/Crackr

Keyword Extraction system using Brown Clustering - (This version is trained to extract keywords from job listings)

Primary LanguagePython

README:

Keyword extraction is an extremely interesting topic in Information Retrieval- keywords are widely acknowledged to be extremely important in the field of text retrieval, and particularly while developing large scale modern search engines that limit the size of the inverted index used by the system.

In this project we propose to build a system using modern NLP techniques such as Part of Speech Tagging, Brown Clustering and Rapid Automatic Keywords Extraction (RAKE) to use a small initial seed of keywords to generate more candidate keywords in a semi-supervised manner and expose the system as a JSON based web service.
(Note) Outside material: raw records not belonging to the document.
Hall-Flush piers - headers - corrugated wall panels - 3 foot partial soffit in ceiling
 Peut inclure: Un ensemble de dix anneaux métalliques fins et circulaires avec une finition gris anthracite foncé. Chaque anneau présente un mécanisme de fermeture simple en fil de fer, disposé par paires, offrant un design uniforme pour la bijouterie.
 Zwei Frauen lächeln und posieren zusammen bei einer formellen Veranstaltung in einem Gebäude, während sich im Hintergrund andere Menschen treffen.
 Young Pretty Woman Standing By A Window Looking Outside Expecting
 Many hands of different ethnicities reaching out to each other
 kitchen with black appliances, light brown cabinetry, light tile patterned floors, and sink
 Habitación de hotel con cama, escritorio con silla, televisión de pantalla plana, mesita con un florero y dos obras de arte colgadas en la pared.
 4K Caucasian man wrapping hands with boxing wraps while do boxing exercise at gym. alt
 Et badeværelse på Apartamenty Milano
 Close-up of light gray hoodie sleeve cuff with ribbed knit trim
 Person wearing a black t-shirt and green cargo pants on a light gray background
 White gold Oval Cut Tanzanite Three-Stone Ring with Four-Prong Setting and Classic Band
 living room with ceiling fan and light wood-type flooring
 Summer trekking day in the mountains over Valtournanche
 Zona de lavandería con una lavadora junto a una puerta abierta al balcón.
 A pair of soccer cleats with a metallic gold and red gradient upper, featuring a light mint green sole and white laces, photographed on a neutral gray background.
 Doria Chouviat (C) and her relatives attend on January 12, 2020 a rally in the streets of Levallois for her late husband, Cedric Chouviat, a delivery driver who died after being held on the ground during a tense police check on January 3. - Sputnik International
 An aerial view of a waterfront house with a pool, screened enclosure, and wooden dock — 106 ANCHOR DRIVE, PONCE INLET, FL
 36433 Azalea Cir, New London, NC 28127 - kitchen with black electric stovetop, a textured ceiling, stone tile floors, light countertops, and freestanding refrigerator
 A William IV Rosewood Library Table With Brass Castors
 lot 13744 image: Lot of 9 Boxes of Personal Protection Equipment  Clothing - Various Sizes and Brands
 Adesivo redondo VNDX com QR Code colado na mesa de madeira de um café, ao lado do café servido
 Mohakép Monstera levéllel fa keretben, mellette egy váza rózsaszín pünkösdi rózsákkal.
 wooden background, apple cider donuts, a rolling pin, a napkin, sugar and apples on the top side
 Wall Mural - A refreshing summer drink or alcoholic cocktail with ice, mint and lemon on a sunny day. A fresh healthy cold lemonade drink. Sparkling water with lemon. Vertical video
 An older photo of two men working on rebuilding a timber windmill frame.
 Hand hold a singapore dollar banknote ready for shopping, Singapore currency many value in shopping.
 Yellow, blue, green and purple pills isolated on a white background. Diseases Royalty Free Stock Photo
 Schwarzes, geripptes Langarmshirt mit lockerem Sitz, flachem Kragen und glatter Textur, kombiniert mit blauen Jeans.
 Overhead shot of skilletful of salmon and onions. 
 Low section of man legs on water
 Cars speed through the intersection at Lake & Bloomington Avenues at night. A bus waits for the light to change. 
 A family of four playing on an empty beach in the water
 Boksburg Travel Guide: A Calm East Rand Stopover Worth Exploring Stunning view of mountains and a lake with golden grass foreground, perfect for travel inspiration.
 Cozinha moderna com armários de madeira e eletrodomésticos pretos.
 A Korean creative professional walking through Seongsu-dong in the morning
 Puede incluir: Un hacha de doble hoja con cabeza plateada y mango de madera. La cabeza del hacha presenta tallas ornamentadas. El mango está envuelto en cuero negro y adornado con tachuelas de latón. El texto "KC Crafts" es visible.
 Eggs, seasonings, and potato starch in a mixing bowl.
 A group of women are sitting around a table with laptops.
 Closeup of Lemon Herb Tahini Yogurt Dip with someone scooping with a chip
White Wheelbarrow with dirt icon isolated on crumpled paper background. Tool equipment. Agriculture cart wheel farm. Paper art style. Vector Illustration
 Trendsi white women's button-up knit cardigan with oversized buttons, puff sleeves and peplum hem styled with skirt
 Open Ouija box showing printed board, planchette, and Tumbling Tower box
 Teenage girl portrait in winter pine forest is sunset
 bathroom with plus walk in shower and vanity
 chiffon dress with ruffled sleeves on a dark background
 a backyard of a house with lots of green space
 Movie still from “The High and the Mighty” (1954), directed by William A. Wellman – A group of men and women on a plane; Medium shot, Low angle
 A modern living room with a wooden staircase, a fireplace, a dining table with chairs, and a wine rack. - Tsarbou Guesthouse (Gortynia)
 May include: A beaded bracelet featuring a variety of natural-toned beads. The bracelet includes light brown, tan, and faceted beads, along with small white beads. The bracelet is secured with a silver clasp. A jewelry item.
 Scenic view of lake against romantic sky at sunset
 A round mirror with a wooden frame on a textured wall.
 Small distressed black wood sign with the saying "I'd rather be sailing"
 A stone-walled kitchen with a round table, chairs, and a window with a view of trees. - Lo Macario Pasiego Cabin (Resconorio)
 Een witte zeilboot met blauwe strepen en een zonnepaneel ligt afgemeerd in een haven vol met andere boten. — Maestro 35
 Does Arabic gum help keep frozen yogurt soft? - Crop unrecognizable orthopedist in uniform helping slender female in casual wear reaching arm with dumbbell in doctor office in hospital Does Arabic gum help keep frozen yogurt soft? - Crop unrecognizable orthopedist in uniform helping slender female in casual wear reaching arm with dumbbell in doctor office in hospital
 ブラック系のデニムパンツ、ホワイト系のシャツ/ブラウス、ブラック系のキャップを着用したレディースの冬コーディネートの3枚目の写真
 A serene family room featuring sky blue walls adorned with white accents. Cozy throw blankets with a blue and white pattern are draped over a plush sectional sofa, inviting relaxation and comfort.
The service can be launched by going to the webserver module and running the python script serve.py

$ python serve.py

Serves the module on a webserver on port 8080 of localhost.

<> Technologies and Frameworks Used

Front-end: HTML/CSS/Javascript, Jquery, Bootstrap 

Backend: Python 2.7, Web.py Framework

Part-of-Speech Tagger: Stanford POSTagger with NLTK bindings 

The system also utilizes a C++ implementation of Brown's Clustering Algorithm and Rapid Automatic Keyword Extraction

RAKE:

This system uses a customized implementation of RAKE built on the design by github user Aneesha. (https://github.com/aneesha/RAKE)

Brown Clustering:

This system uses Percy Liang’s Brown Clustering Implementation in C++. Data: Datasets for skills and job listings were provided by www.Collegefeed.com and are confidential. Terminology Used:

NAIVE: Naive selection of keywords that were already present in the seed corpus. RAKE: Keywords extracted via the Rapid Automatic Keyword Extraction Algorithm CRAKR: New approach to Keyword Extraction using Part-of-Speech tagging on a candidate document and Brown Clustering on a large corpus of contextual documents.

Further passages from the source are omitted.